======== Provided records

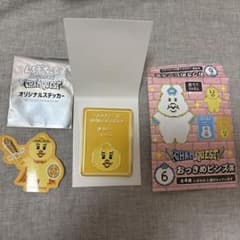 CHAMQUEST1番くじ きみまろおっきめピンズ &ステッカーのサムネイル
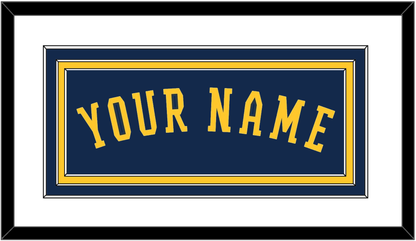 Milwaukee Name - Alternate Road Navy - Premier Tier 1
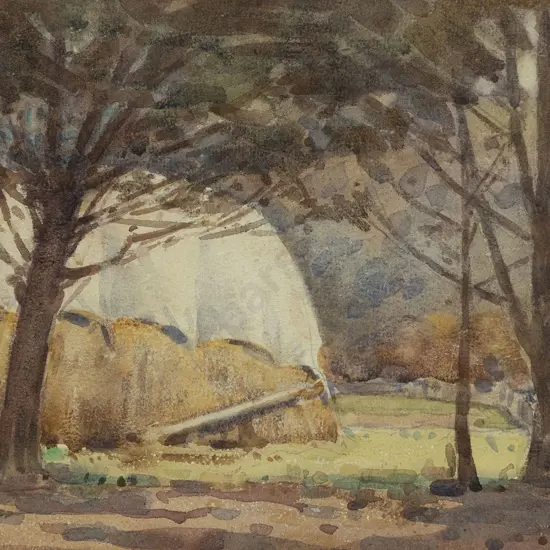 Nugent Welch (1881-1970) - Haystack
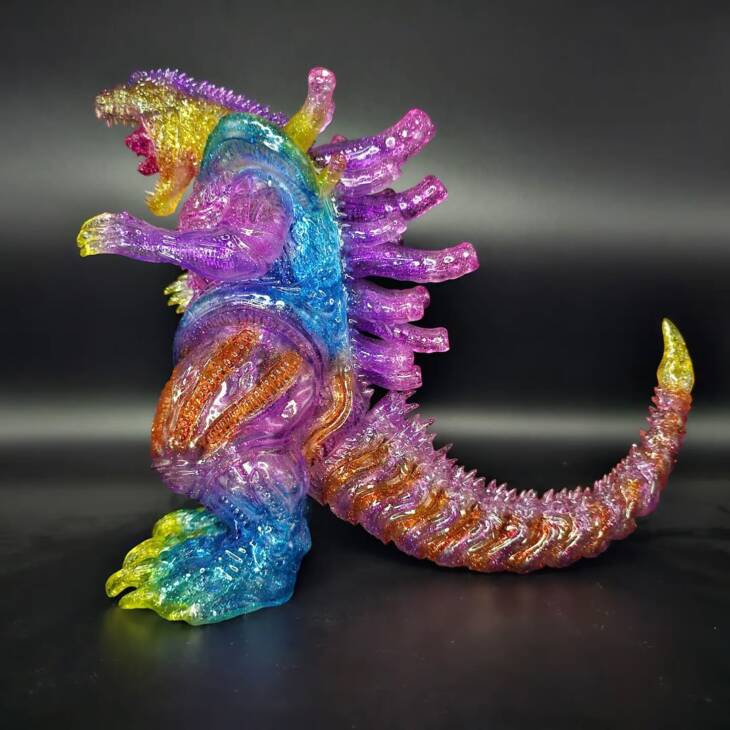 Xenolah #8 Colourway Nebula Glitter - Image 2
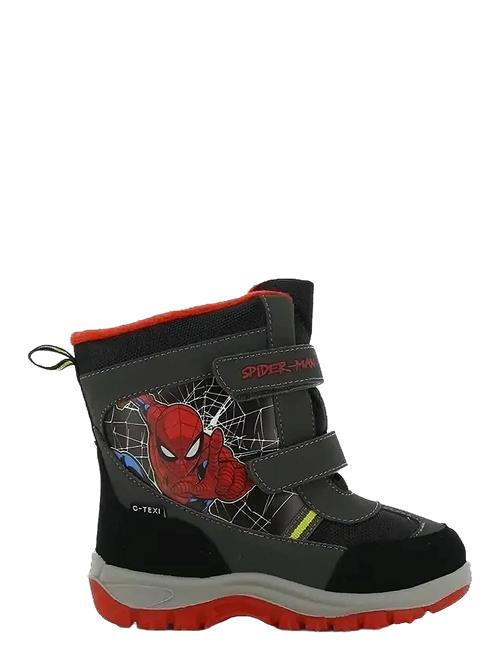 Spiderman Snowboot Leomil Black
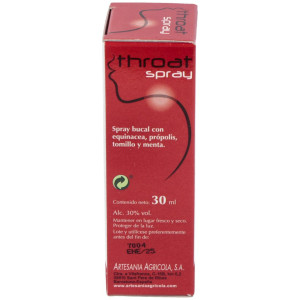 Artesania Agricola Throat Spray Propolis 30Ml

================
======== Provided records

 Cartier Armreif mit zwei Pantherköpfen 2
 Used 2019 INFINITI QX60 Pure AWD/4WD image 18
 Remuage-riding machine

================
======== Provided records

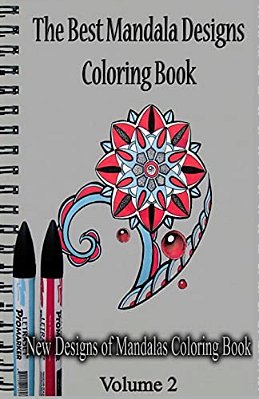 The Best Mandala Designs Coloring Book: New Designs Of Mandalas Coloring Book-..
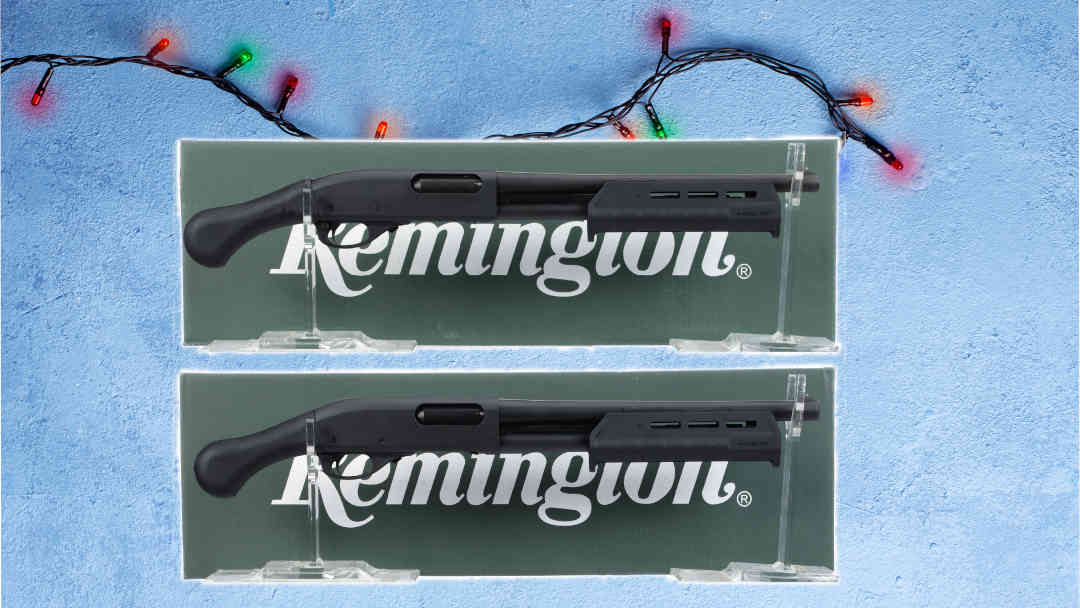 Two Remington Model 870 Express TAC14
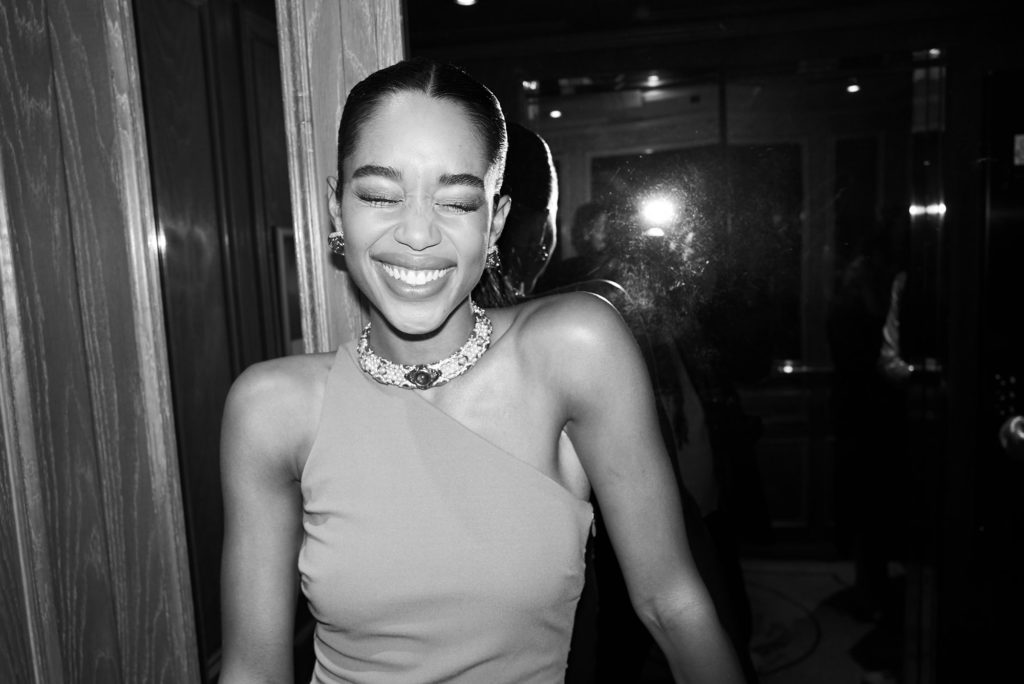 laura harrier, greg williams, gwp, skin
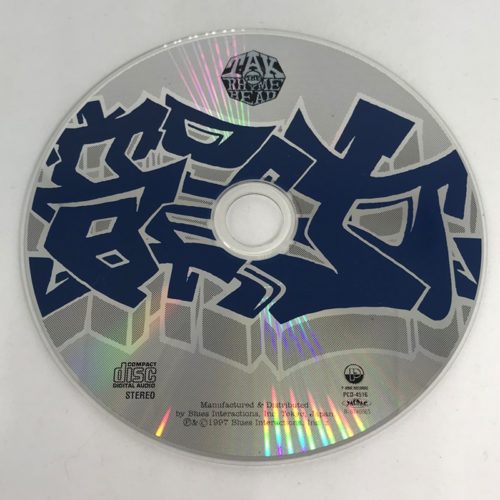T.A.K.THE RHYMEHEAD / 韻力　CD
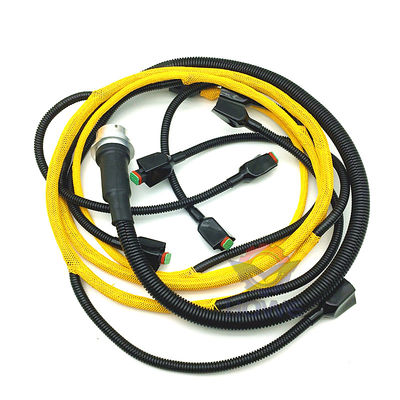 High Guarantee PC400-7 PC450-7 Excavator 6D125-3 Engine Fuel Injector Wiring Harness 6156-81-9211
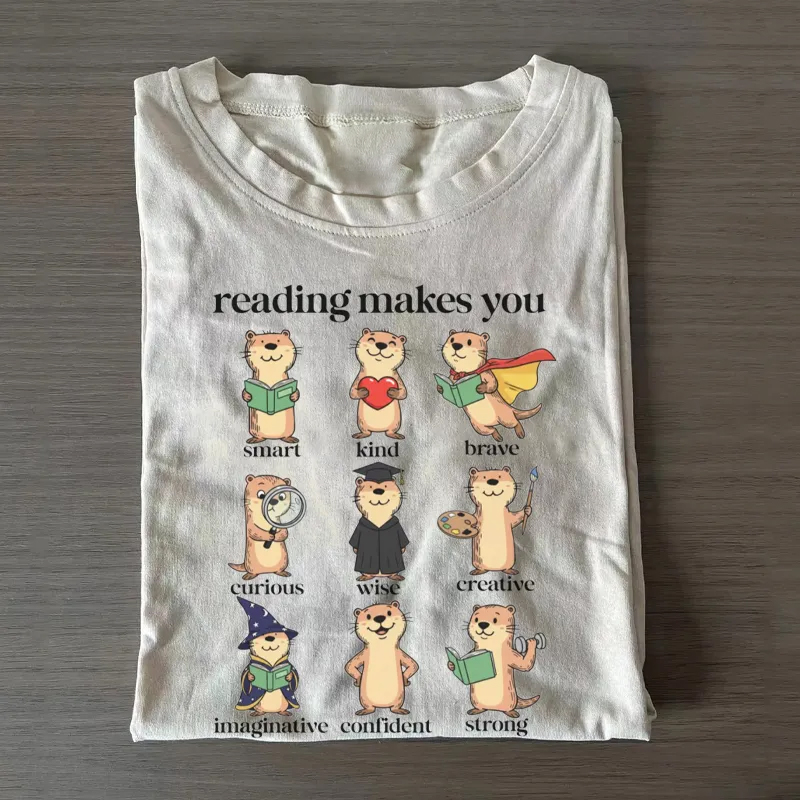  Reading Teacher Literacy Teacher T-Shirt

================

§ **Work task**: Transcribe the listing above exactly, but only from the line with "Spiderman Snowboot Leomil Black" through the line with "Artesania Agricola Throat". Include both of those lines and omit the pictures.

§ **Reply**:
 Spiderman Snowboot Leomil Black
 Artesania Agricola Throat Spray Propolis 30Ml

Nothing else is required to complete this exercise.